Read The British Lion Online

Authors: Tony Schumacher

Tags: #Thrillers, #Historical Fiction, #Suspense, #General

The British Lion (14 page)

On the pavement side of the bus another three soldiers appeared. Two climbed on board to check the papers of the passengers. The conductor stepped out of the way, eyes down, not looking for trouble.

“Forty Players,” Rossett said to the vendor without looking at him.

“Bleedin’ Nazis, everywhere this morning.” The vendor was watching the soldiers as they came around the back of the bus and approached the Austin.

“I’M SORRY, SIR,
I thought you were English.” The corporal approached Koehler, the others in his squad hanging back, probably wishing they’d gotten on the bus.

“I need to get going. Get this traffic out of the way.”

The wiper on the Austin juddered across the windscreen and the corporal looked at it, and then at Koehler.

“I’ll need to see your papers, sir.”

Koehler patted his chest, feeling for his wallet under his heavy woolen coat, the urge to see where Rossett was almost overpowering.

Did the soldiers know?

Was this a routine checkpoint?

Koehler patted his side pocket and felt his Mauser bumping against his body, reminding him it was there.

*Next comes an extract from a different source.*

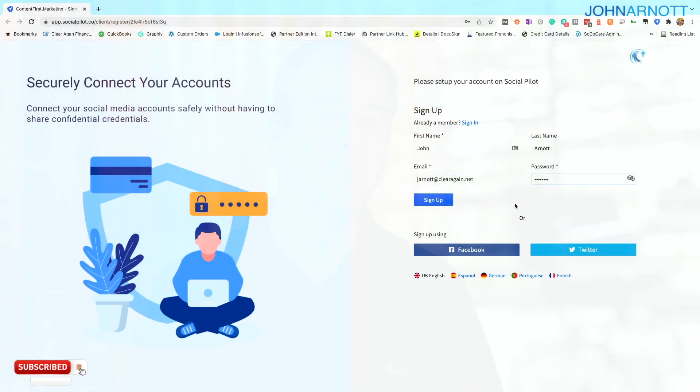The first thing that will happen is you'll get an email. And that email will have a link to it to SocialPilot. And that link is intended for you to set up your account, your client account. I'm going to set one up for myself right now.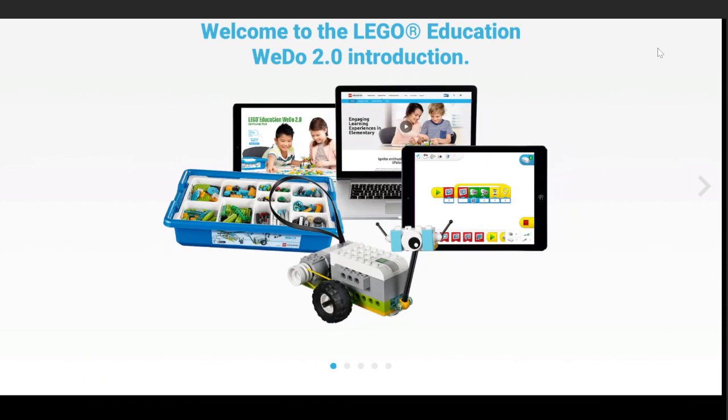Welcome back to another WeDo tutorial. Today we're going to go over the last bit of the parts of the tutorial.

Two of the soldiers had stepped up onto the curb; one was staring into the bus while the other was looking back toward the checkpoint. Another was standing at the front of the Austin, and that damned corporal was waiting, hand out, blushing slightly, regretting asking to see Koehler’s papers, but still waiting for them.

Rossett kept watching as he paid the vendor for the cigarettes. He studied the soldiers, all young men, fresh faced, with bolt-action rifles, old infantry Karabiners, the sort issued to soldiers in low-risk postings, slow to maneuver. He squeezed the grip on his Webley and guessed the distance between him and the nearest soldier to be approximately fifty feet. Even with their heavy coats and gloves making them slow to react, Rossett doubted he’d be able to take down more than three before the others fired on him.

He watched as Koehler undid the top button of his overcoat, trying to read his friend’s body language.

“Your change, guv?” The vendor was holding out some coins.

Rossett ignored him, so the vendor followed his gaze, watching the group by the Austin, slowly realizing that something was wrong.

At the car the corporal shifted slightly, lowering his hand an inch or two but still adamant that he wanted to see this strange, nervous major’s papers.

Koehler flicked away the cigarette he was still holding and then reached into his coat. He gambled, breathed, readied himself. He was praying Rossett was ready for the fight; he didn’t dare look to check.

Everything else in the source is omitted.